• [WHAT THIS TASK INVOLVES]: Would you please repeat, word for word, only the lines from the one holding "Murilo Huff celebra" through the one holding "Dining Room/Kitchen/Great Room" in the material below, without the pictures?

• [DATA SUPPLIED]:
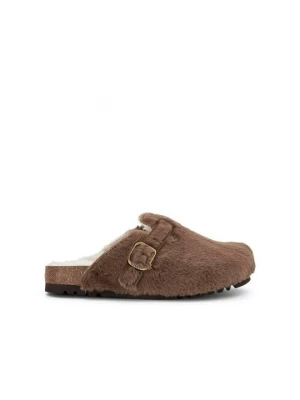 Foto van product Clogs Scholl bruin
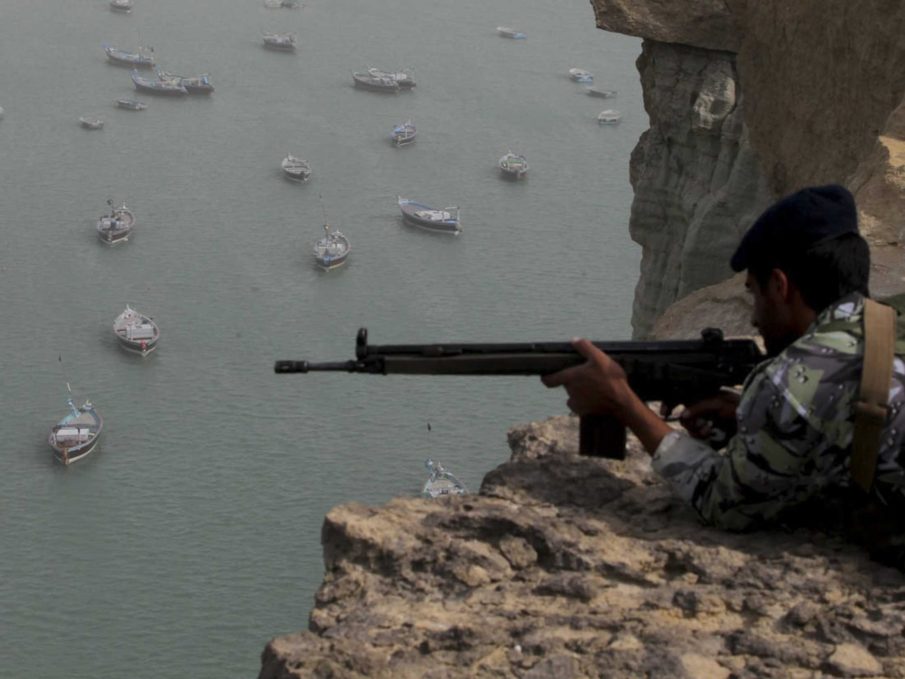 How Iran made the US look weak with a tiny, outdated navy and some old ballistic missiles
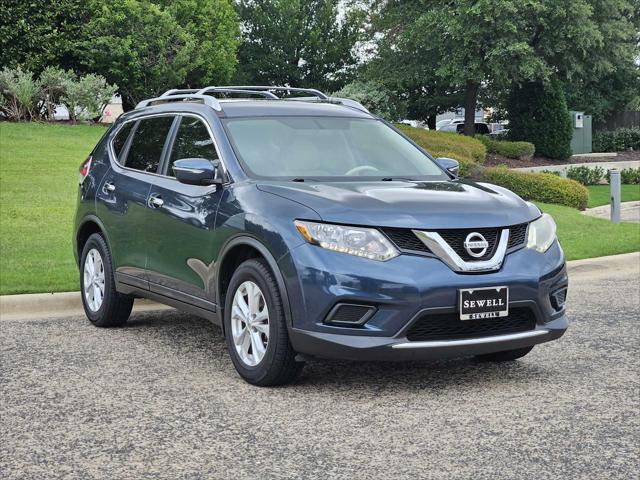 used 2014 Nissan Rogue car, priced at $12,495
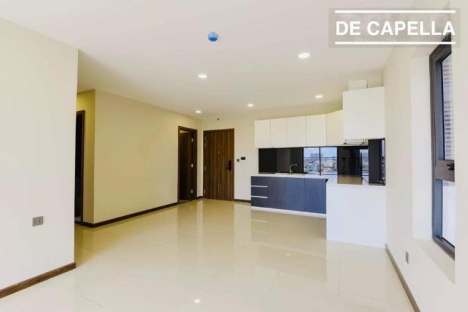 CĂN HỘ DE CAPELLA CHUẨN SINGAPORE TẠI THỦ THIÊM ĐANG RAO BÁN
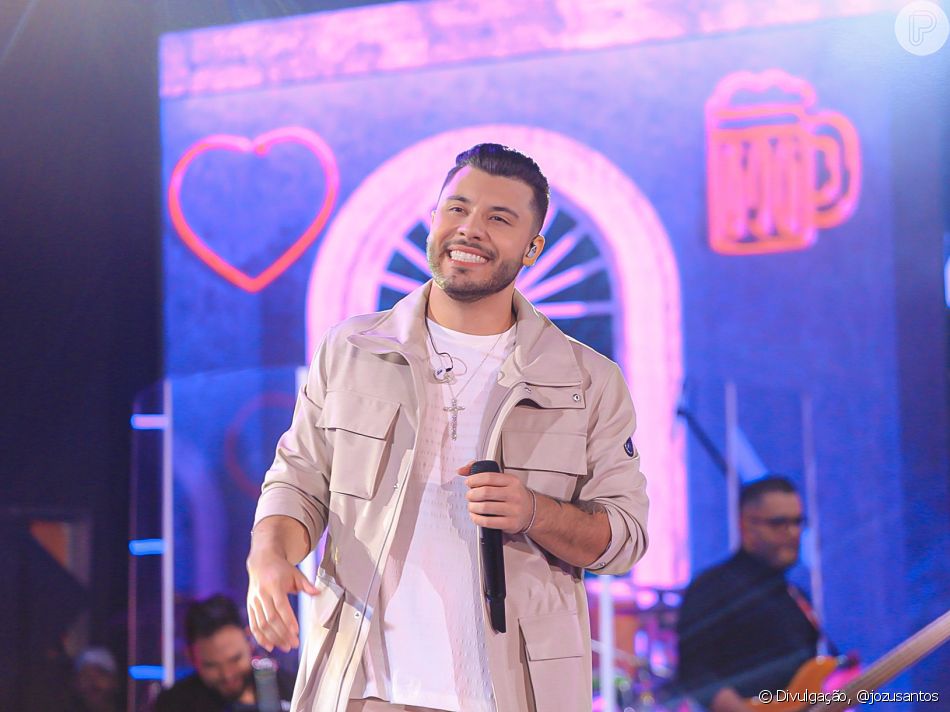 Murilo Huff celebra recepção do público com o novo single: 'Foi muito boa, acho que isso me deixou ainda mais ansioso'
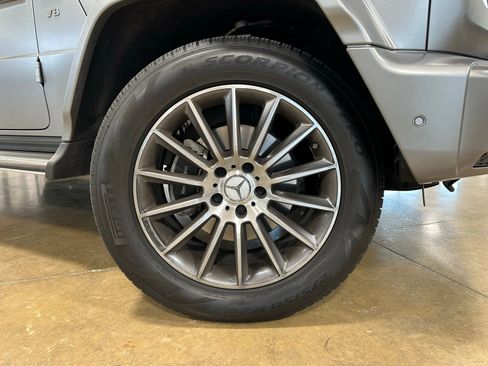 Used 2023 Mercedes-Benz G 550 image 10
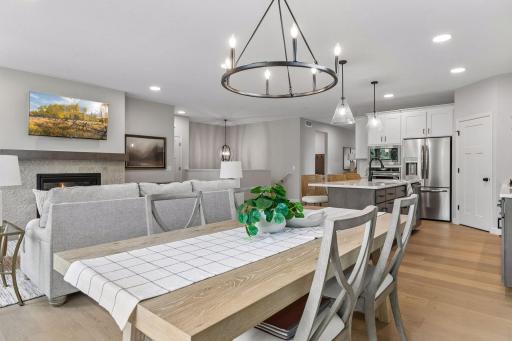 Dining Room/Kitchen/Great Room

---

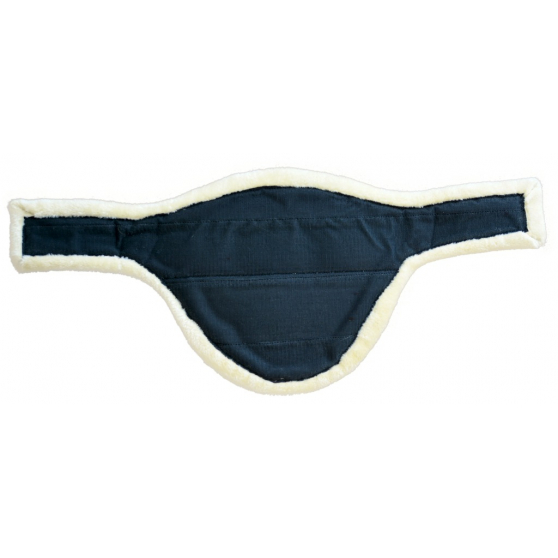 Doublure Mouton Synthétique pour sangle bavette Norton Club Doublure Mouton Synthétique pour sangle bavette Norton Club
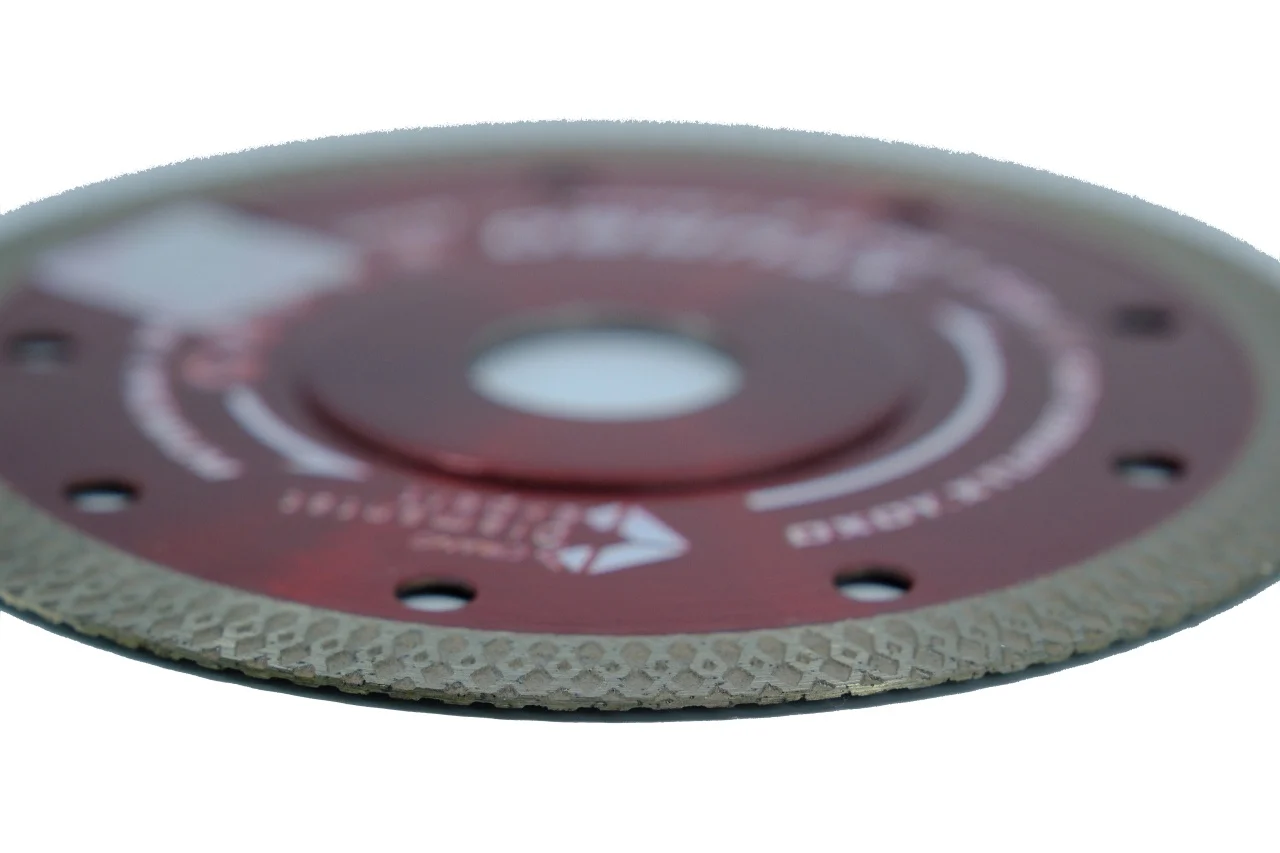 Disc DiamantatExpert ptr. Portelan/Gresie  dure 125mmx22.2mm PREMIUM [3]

--

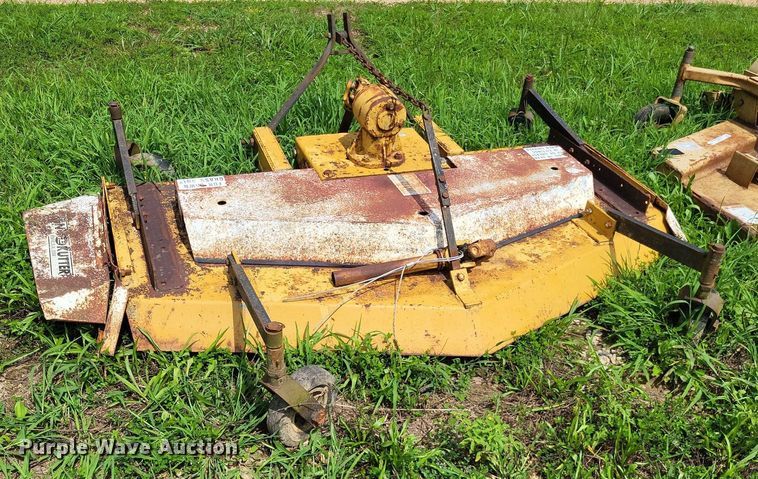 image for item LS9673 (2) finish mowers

• [SOLUTION]:
 Murilo Huff celebra recepção do público com o novo single: 'Foi muito boa, acho que isso me deixou ainda mais ansioso'
 Used 2023 Mercedes-Benz G 550 image 10
 Dining Room/Kitchen/Great Room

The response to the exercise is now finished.